Start of THE DATA

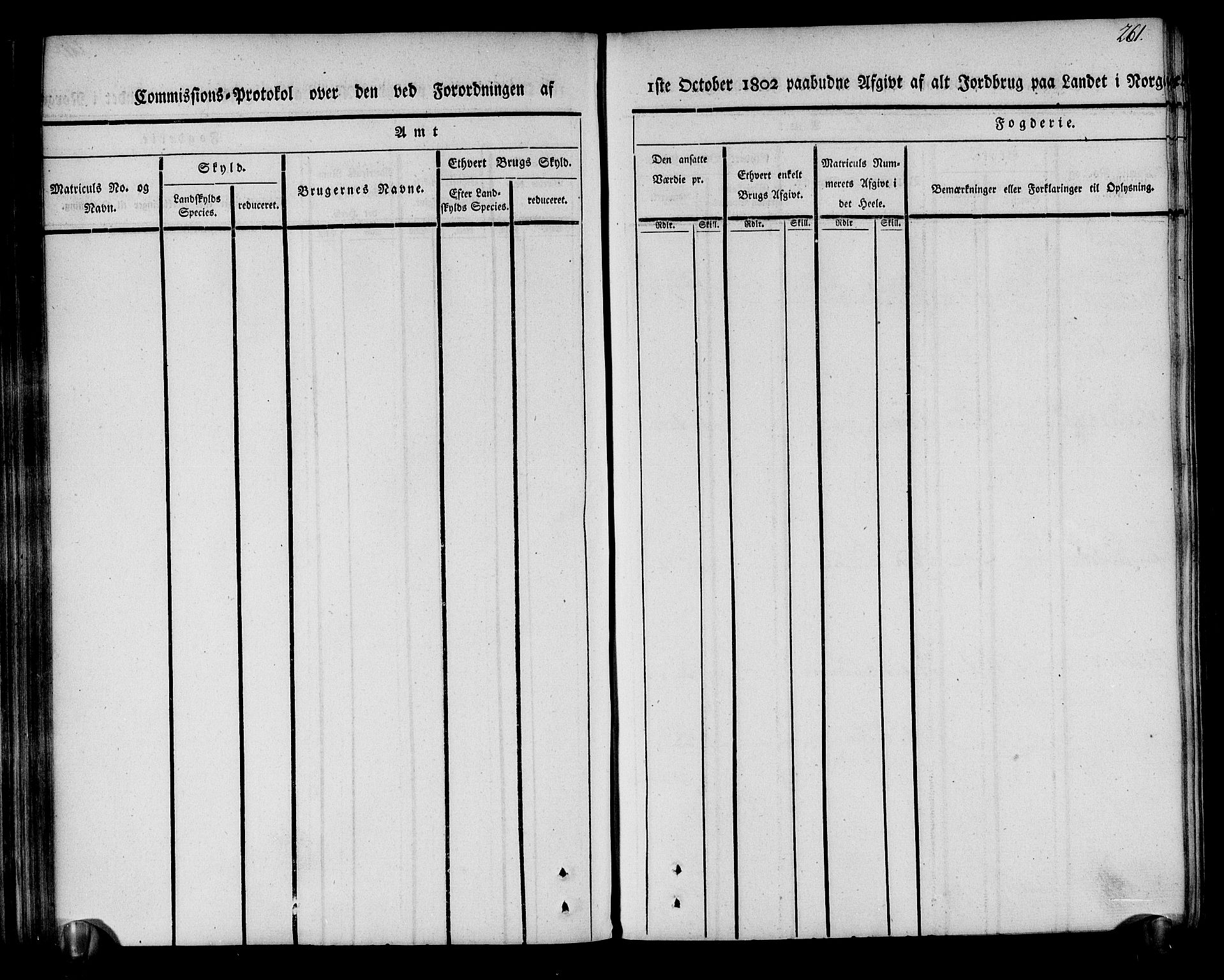 Rentekammeret inntil 1814, Realistisk ordnet avdeling, AV/RA-EA-4070/N/Ne/Nea/L0144: Fosen fogderi. Kommisjonsprotokoll, 1803, p. 259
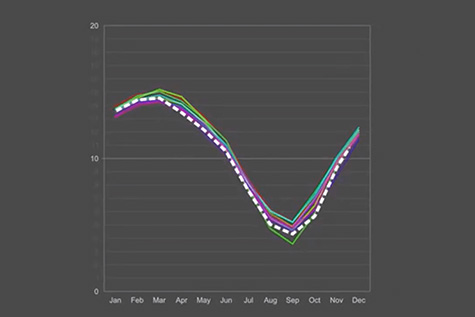 AE插件-曲线走势图表动画 Dynamic Line Chart v1 Win/Mac+使用教程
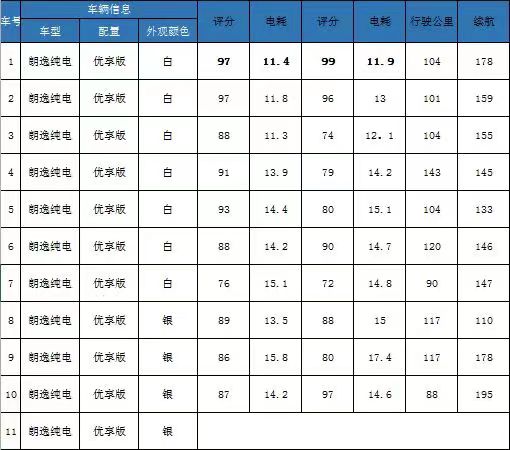 一辆可以开到99分的电动车 试驾朗逸纯电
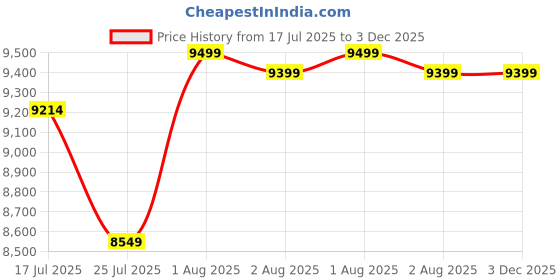 flipkart.com Universal Pack & Code Mini Inkjet Printer | Mini Inkjet Printer with Ink Cartridge Mini Inkjet Printer Price History Graph from 17 Jul 2025 to 2 Dec 2025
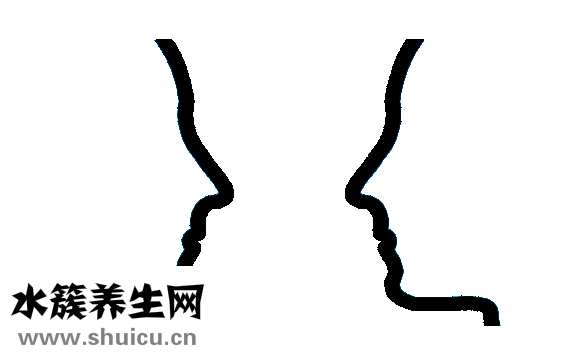 懷孕周期怎么算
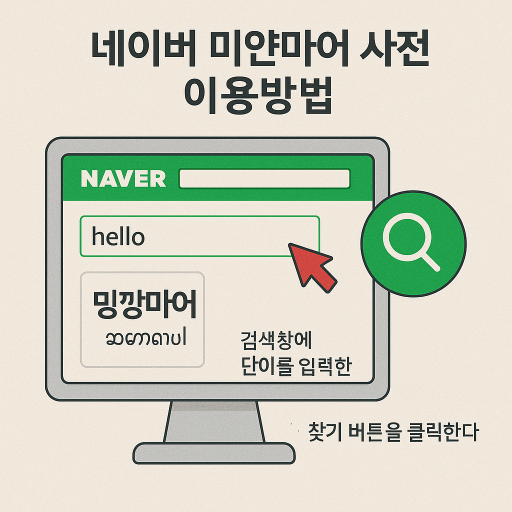 네이버 미얀마어 사전 이용방법 총정리
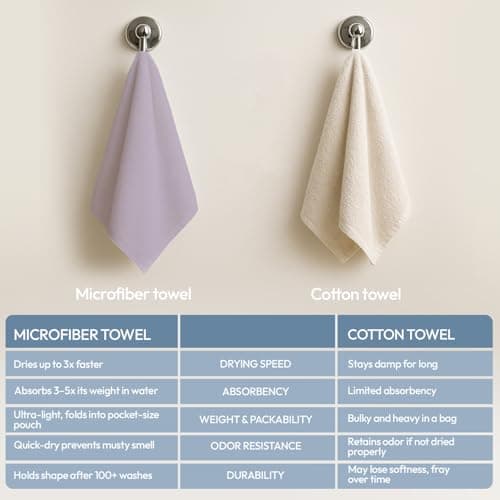 azark Microfibre Towel – Quick Dry, Lightweight & Super Absorbent – Gym, Travel, Yoga, Camping & Beach – Soft & Durable – Multiple Sizes (Purple, Medium) — view 2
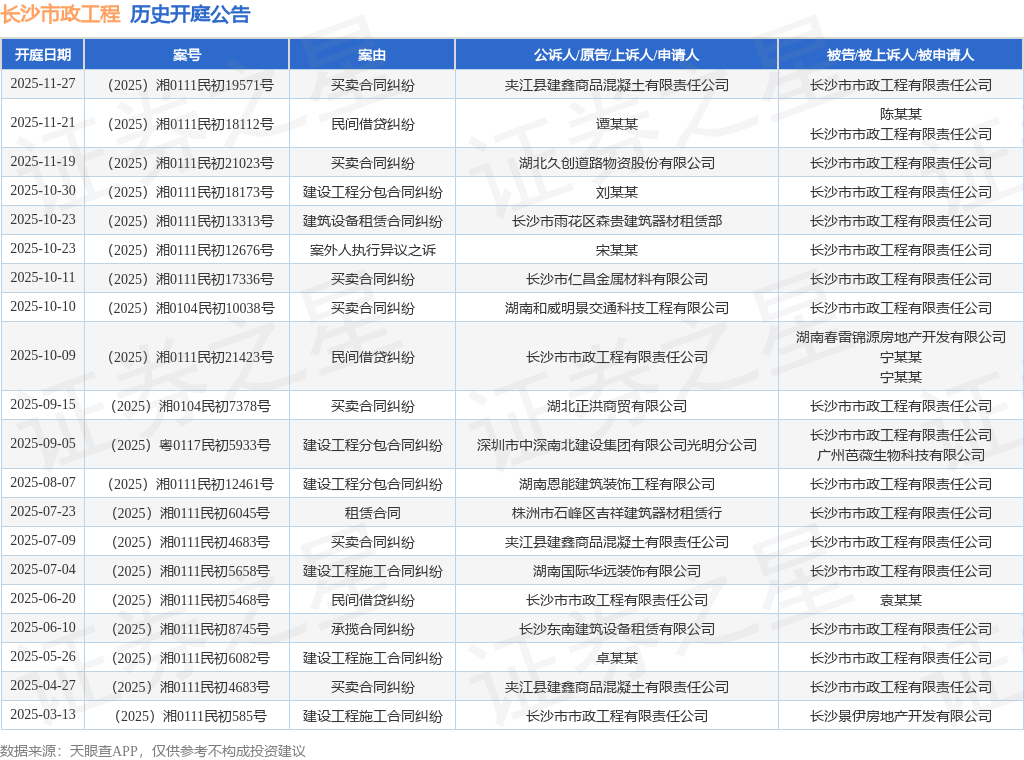 长沙市政工程作为被告被上诉人的1起涉及买卖合同纠纷的诉讼将于2025年11月27日开庭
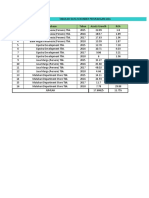 Tabulasi Data Sekunder - Andini Sukma Wardani - 43219010093 - TB 1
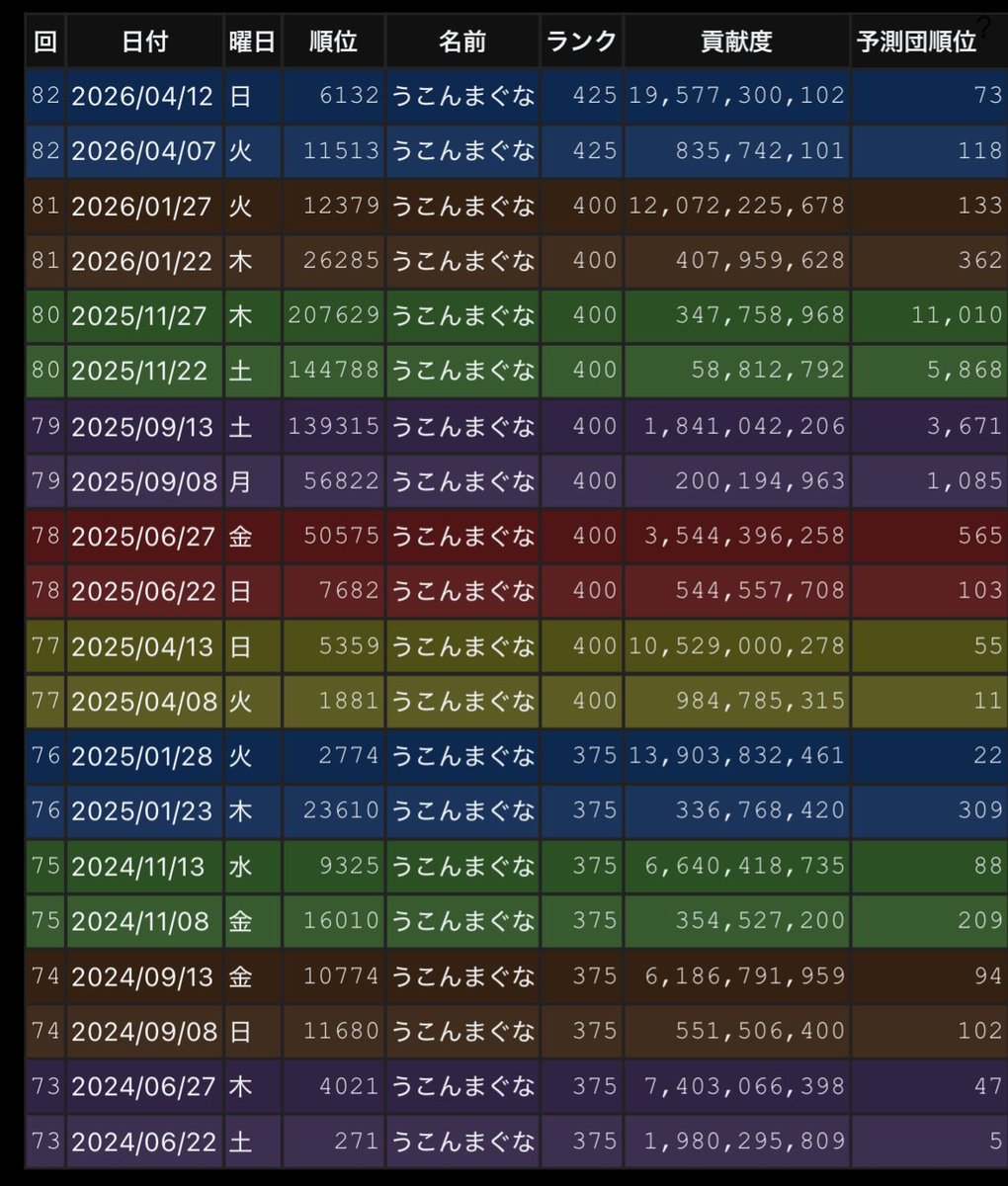 うこん tweet media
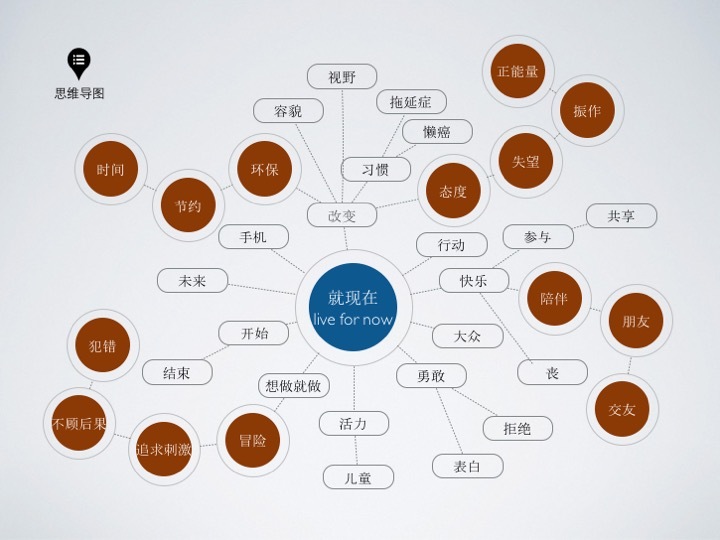 廣告設(shè)計(jì)方案怎么寫(xiě)？這些技巧值得學(xué)習(xí)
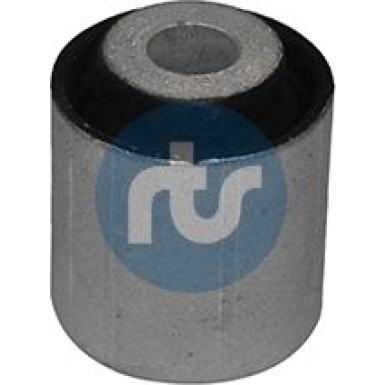 RTS Lagerung, Lenker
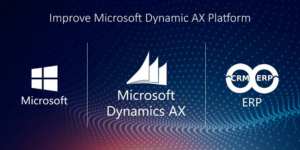 Digital Transformation Blog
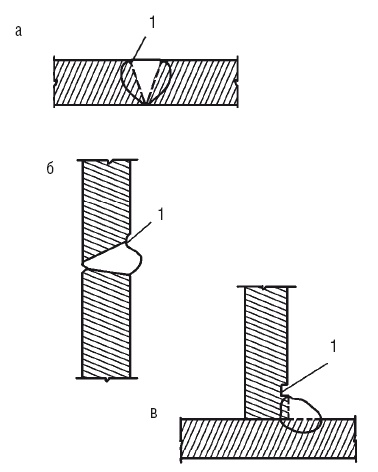 Иллюстрация к книге — Сварочные работы. Практический справочник [i_162.jpg]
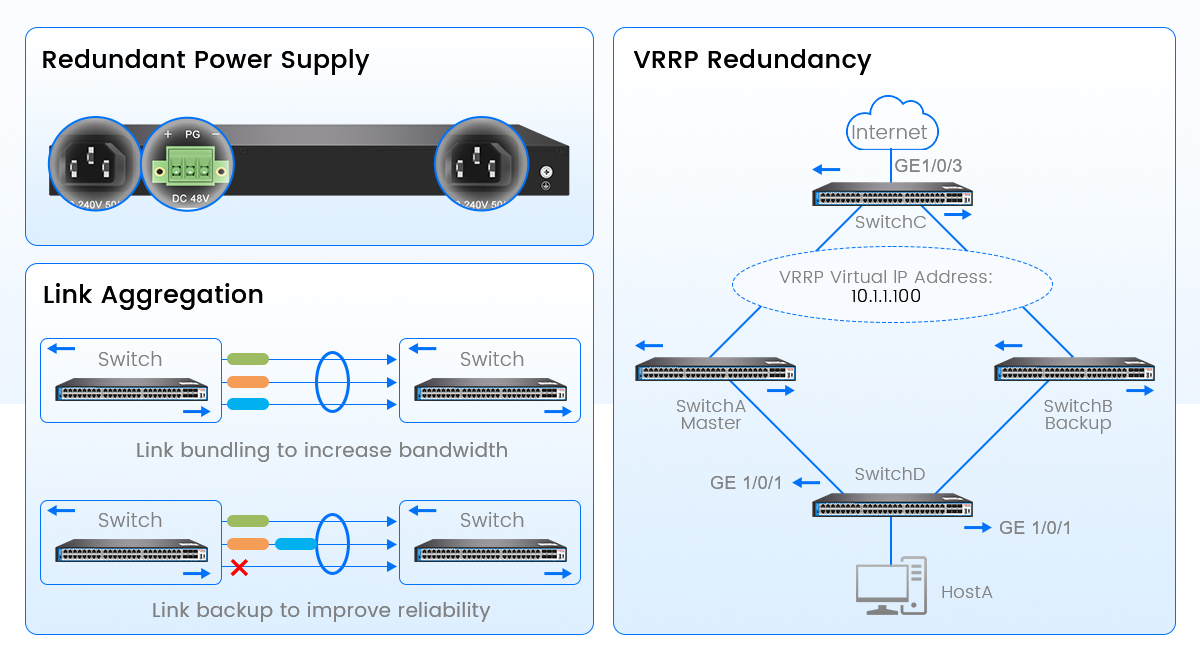 poe switch in cctv interruptor cctv poe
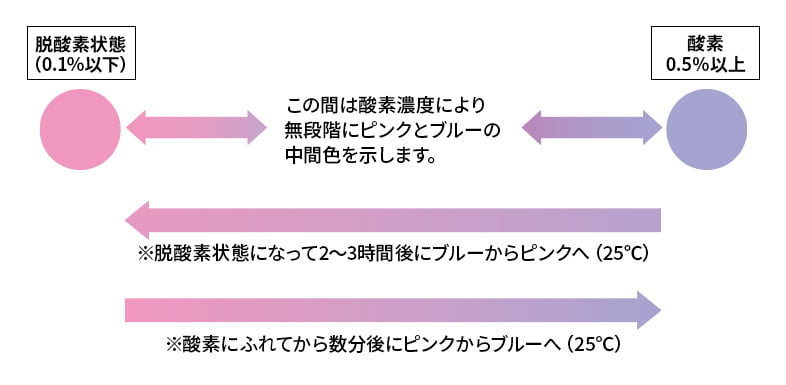 「エージレスアイ®」の酸素検知の色の変化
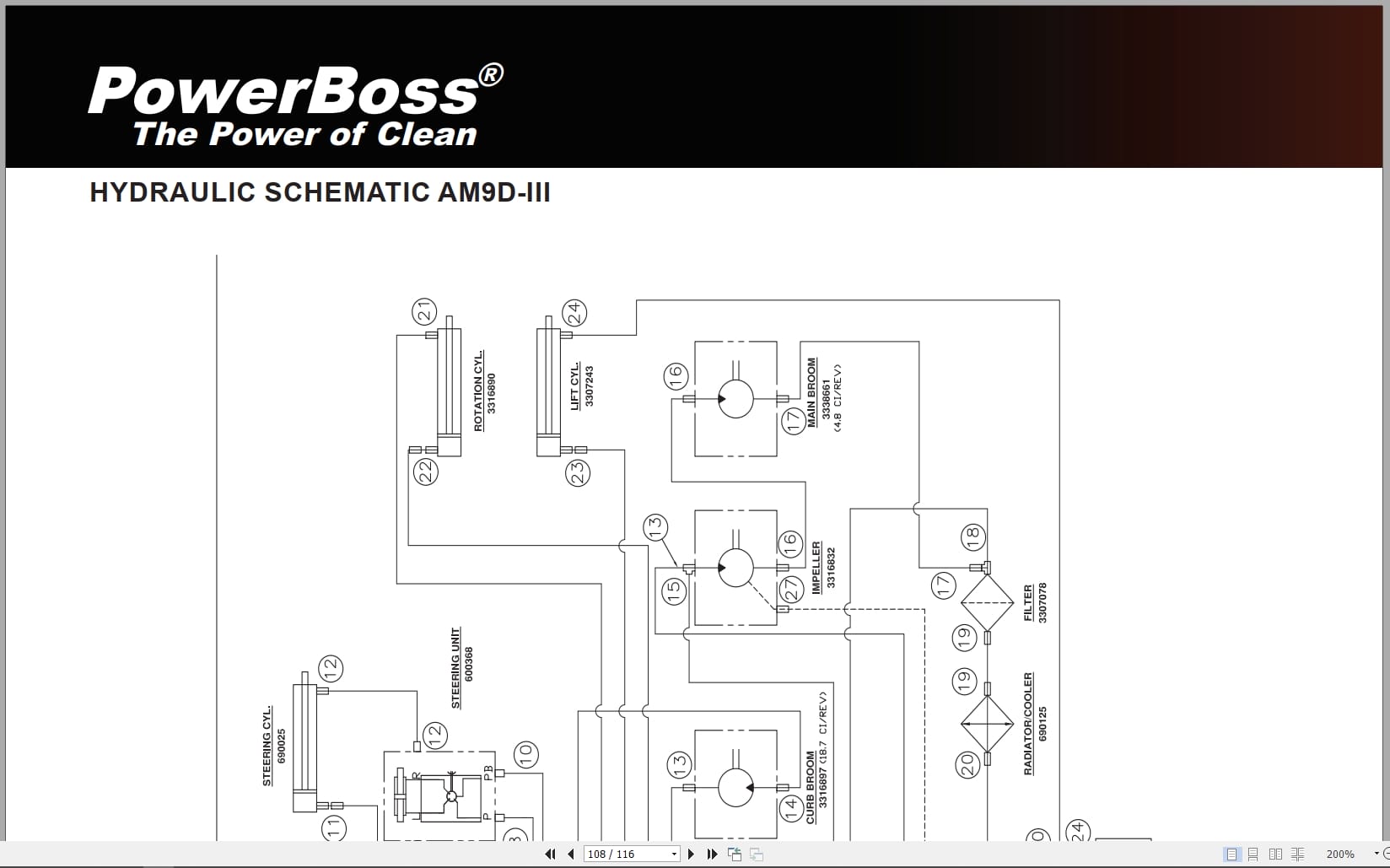 PowerBoss Sweeper AM9D III Parts Catalog Wiring Diagram 988750ZH 2023 (3)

End of THE DATA

WORK REQUEST
Word for word, restate all of the material above except its pictures.

WRITTEN ANSWER
 Rentekammeret inntil 1814, Realistisk ordnet avdeling, AV/RA-EA-4070/N/Ne/Nea/L0144: Fosen fogderi. Kommisjonsprotokoll, 1803, p. 259
 AE插件-曲线走势图表动画 Dynamic Line Chart v1 Win/Mac+使用教程
 一辆可以开到99分的电动车 试驾朗逸纯电
 flipkart.com Universal Pack & Code Mini Inkjet Printer | Mini Inkjet Printer with Ink Cartridge Mini Inkjet Printer Price History Graph from 17 Jul 2025 to 2 Dec 2025
 懷孕周期怎么算
 네이버 미얀마어 사전 이용방법 총정리
 azark Microfibre Towel – Quick Dry, Lightweight & Super Absorbent – Gym, Travel, Yoga, Camping & Beach – Soft & Durable – Multiple Sizes (Purple, Medium) — view 2
 长沙市政工程作为被告被上诉人的1起涉及买卖合同纠纷的诉讼将于2025年11月27日开庭
 Tabulasi Data Sekunder - Andini Sukma Wardani - 43219010093 - TB 1
 うこん tweet media
 廣告設(shè)計(jì)方案怎么寫(xiě)？這些技巧值得學(xué)習(xí)
 RTS Lagerung, Lenker
 Digital Transformation Blog
 Иллюстрация к книге — Сварочные работы. Практический справочник [i_162.jpg]
 poe switch in cctv interruptor cctv poe
 「エージレスアイ®」の酸素検知の色の変化
 PowerBoss Sweeper AM9D III Parts Catalog Wiring Diagram 988750ZH 2023 (3)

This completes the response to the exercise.